Sujet : Re: Whaddaya think?
De : nospam (at) *nospam* dfs.com (DFS)
Groupes : comp.lang.cDate : 16. Jun 2024, 17:20:07
Autres entêtes
Message-ID : <666f10b7$0$1412896$882e4bbb@reader.netnews.com>
References : 1 2
User-Agent : Betterbird (Windows)
On 6/15/2024 6:22 PM, Keith Thompson wrote:
DFS <nospam@dfs.com> writes:
I want to read numbers in from a file, say:
>
47 185 99 74 202 118 78 203 264 207 19 17 34 167 148 54 297 271 118
245 294 188 140 134 251 188 236 160 48 189 228 94 74 27 168 275 144
245 178 108 152 197 125 185 63 272 239 60 242 56 4 235 244 144 69 195
32 4 54 79 193 282 173 267 8 40 241 152 285 119 259 136 15 83 21 78 55
259 137 297 15 141 232 259 285 300 153 16 4 207 95 197 188 267 164 195
7 104 47 291
>
>
This code:
1 opens the file
2 fscanf thru the file to count the number of data points
3 allocate memory
4 rewind and fscanf again to add the data to the int array
>
>
Any issues with this method?
>
Any 'better' way?
>
Thanks
In a quick test, your code compiles without errors and runs correctly
with your input. I do get a warning about argc being unused, which you
should address.
-Wall doesn't warn about that, but -Wall -Wextra does.
In the bigger program of which this is a part, argc IS used.
----------------------------------------------------------
#include <stdio.h>
#include <stdlib.h>
>
int main(int argc, char *argv[]) {
>
int N=0, i=0, j=0;
The usual convention is to use all-caps for macro names. Calling your
variable N is not a real problem, but could be slightly confusing.
N is the number of integers in the input. i is an index. j is a value
read from the file. That's not at all clear from the names.
I suggest using longer and more descriptive names in lower case.
"N" could be "count". "i" is fine for an index, but "j" could be
"value".
N is used in statistics, and this is a stats program.
Consider using size_t rather than int for the count and index. That's
mostly a style point; it's not going to make any practical difference
unless you have at least INT_MAX elements.
int *nums;
FILE* datafile = fopen(argv[1], "r");
Undefined behavior if no argument was provided, i.e., argc < 1.

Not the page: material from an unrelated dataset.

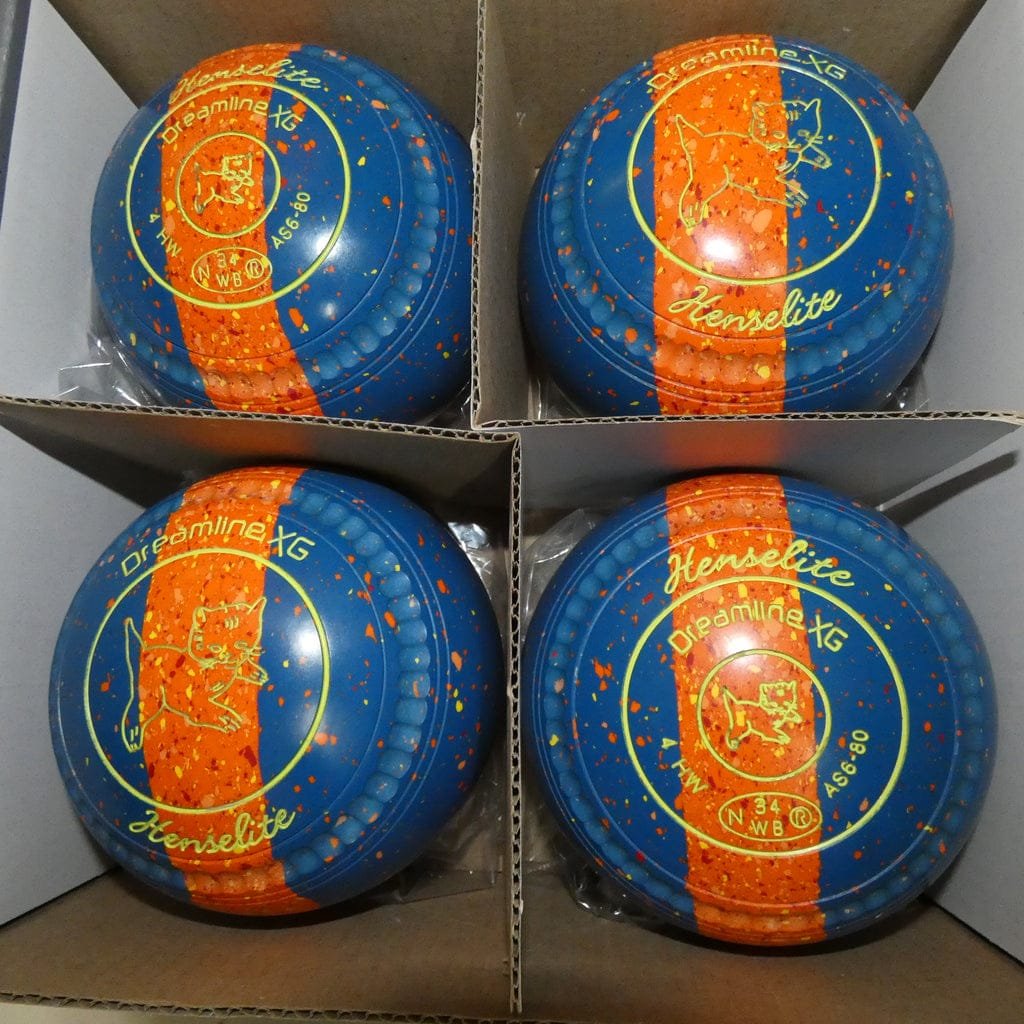 Set of 4 Henselite Dreamline XG Size 4 Heavy lawn bowls in blue and orange speckle.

while(fscanf(datafile, "%d", &j) != EOF){
Numeric input with the *scanf functions has undefined behavior if the
scanned value is outside the range of the target type. For example, if
the input contains "99999999999999999999999999999999999999999999999999",
arbitrary bad things could happen. (Most likely it will just store some
incorrect value in j, with no indication that there was an error.)
strtol is trickier to use, but you can detect errors.
fscanf returns EOF on reaching the end of the file or on a read error,
and that's the only condition you check. It returns the number of items
scanned. If the input doesn't contain a string that can be interpreted
as an integer, fscanf will return 0, and you'll be stuck in an infinite
loop. `while (fscanf(...) == 1)` is more robust, but it doesn't
distinguish between a read error and bad data. It's up to you how and
whether to distinguish among different kinds of errors.
Your sample input consists of decimal integers with no sign. Decide
whether you want to hande "-123" or "+123". (fscanf will do so; so will
strtol.)
A change I might make down the road is to process positive floats. For now it's just positive ints.
N++;
}
nums = calloc(N, sizeof(int));
Consider using `sizeof *nums` rather than `sizeof(int)`. That way you
don't have to change the type in two places if the element type changes.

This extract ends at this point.